» Problem
Repeat everything from the first line of the listing below through the line that contains "Yeşil Erkek Çocuk", exactly. Leave out pictures.
━━━━━━━━
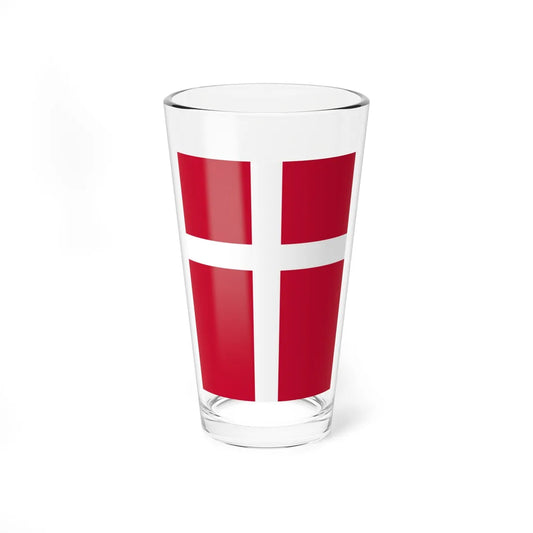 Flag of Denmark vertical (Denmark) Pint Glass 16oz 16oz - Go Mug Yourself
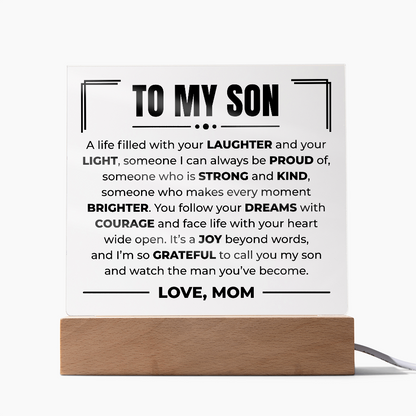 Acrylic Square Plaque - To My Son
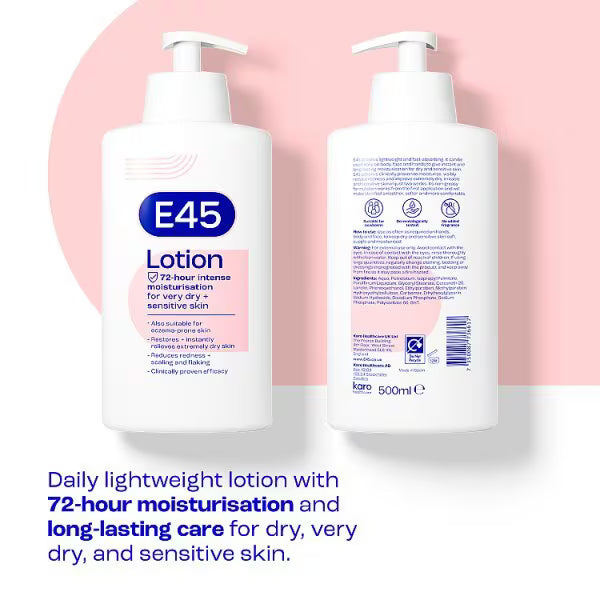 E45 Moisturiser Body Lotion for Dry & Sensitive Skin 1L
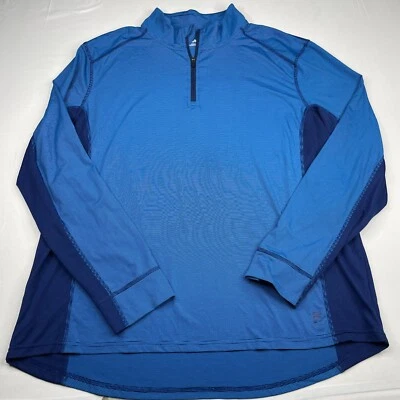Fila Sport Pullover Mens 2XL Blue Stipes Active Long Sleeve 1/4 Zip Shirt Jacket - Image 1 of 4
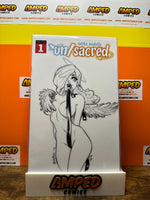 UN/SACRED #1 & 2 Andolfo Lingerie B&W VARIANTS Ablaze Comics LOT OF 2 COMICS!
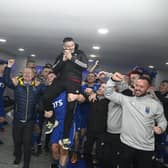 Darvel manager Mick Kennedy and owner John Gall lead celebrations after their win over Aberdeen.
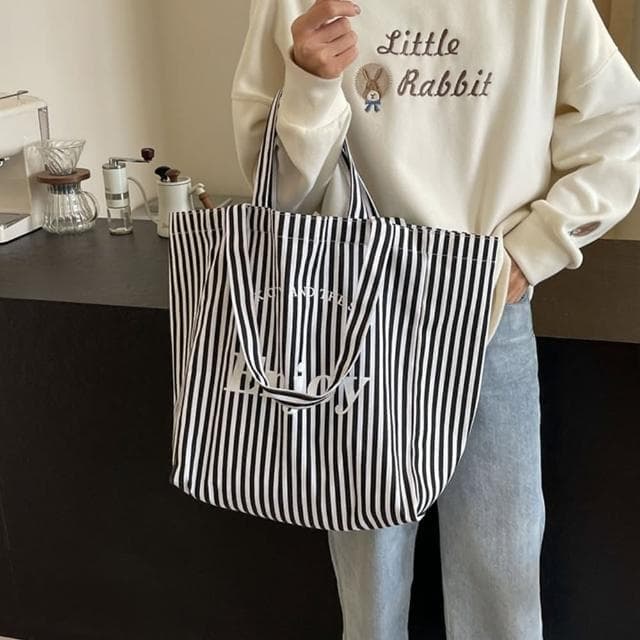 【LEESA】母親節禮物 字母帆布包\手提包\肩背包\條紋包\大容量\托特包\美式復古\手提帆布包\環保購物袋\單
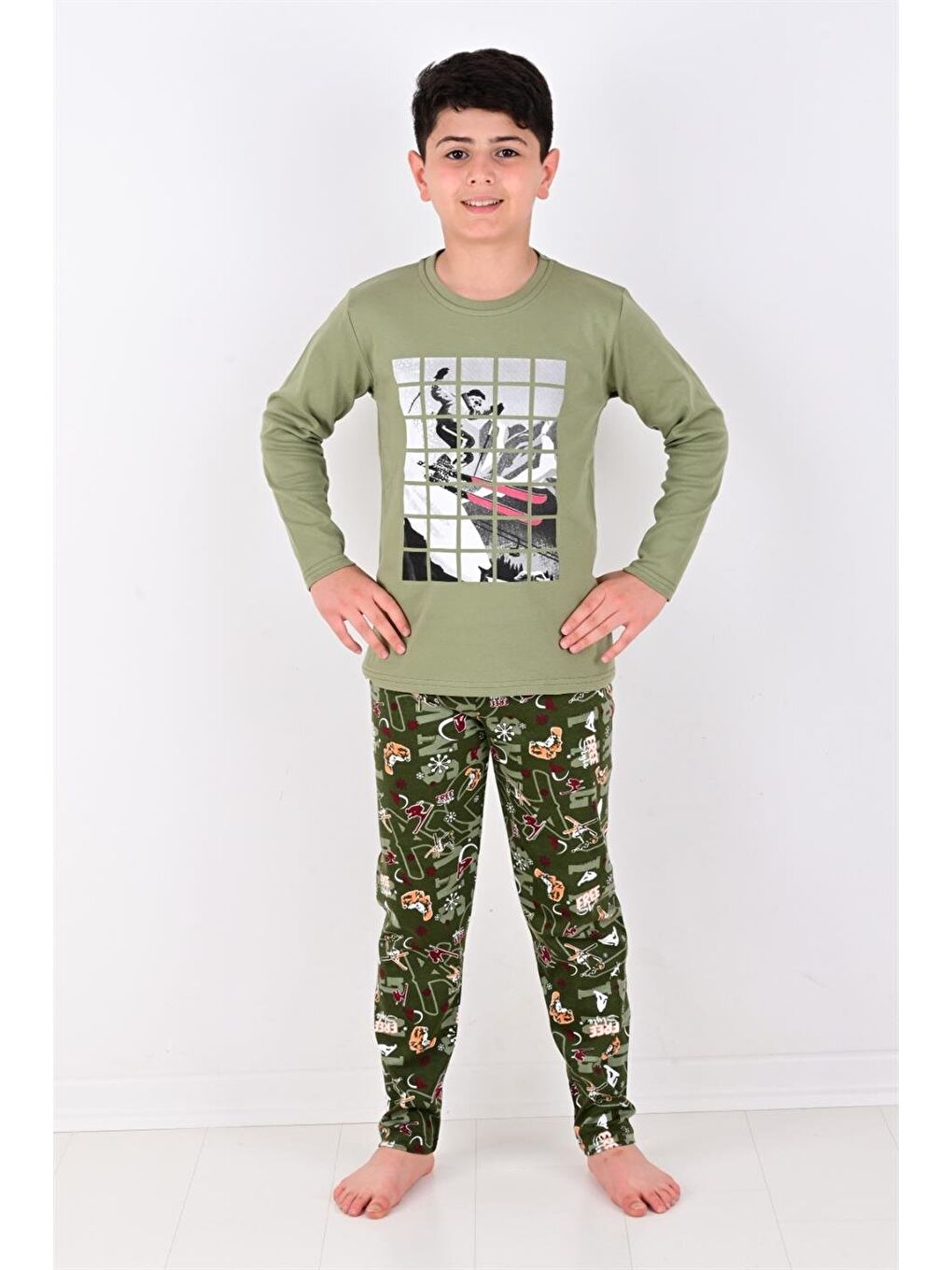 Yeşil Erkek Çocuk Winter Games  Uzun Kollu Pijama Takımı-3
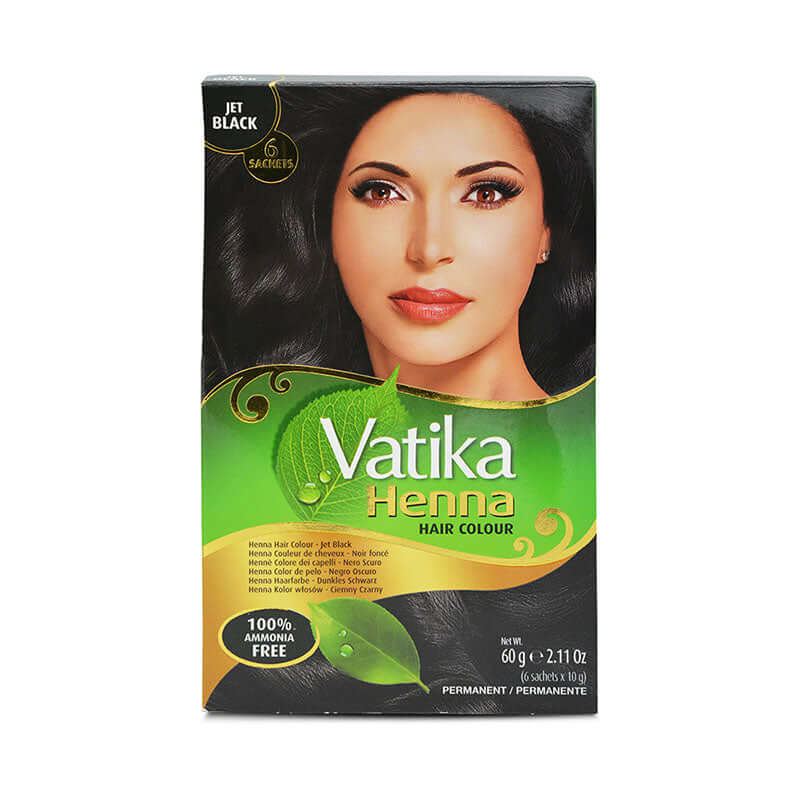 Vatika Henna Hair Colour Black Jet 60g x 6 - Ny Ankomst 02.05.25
━━━━━━━━
» Completed task
 Flag of Denmark vertical (Denmark) Pint Glass 16oz 16oz - Go Mug Yourself
 Acrylic Square Plaque - To My Son
 E45 Moisturiser Body Lotion for Dry & Sensitive Skin 1L
Fila Sport Pullover Mens 2XL Blue Stipes Active Long Sleeve 1/4 Zip Shirt Jacket - Image 1 of 4
 UN/SACRED #1 & 2 Andolfo Lingerie B&W VARIANTS Ablaze Comics LOT OF 2 COMICS!
 Darvel manager Mick Kennedy and owner John Gall lead celebrations after their win over Aberdeen.
 【LEESA】母親節禮物 字母帆布包\手提包\肩背包\條紋包\大容量\托特包\美式復古\手提帆布包\環保購物袋\單
 Yeşil Erkek Çocuk Winter Games  Uzun Kollu Pijama Takımı-3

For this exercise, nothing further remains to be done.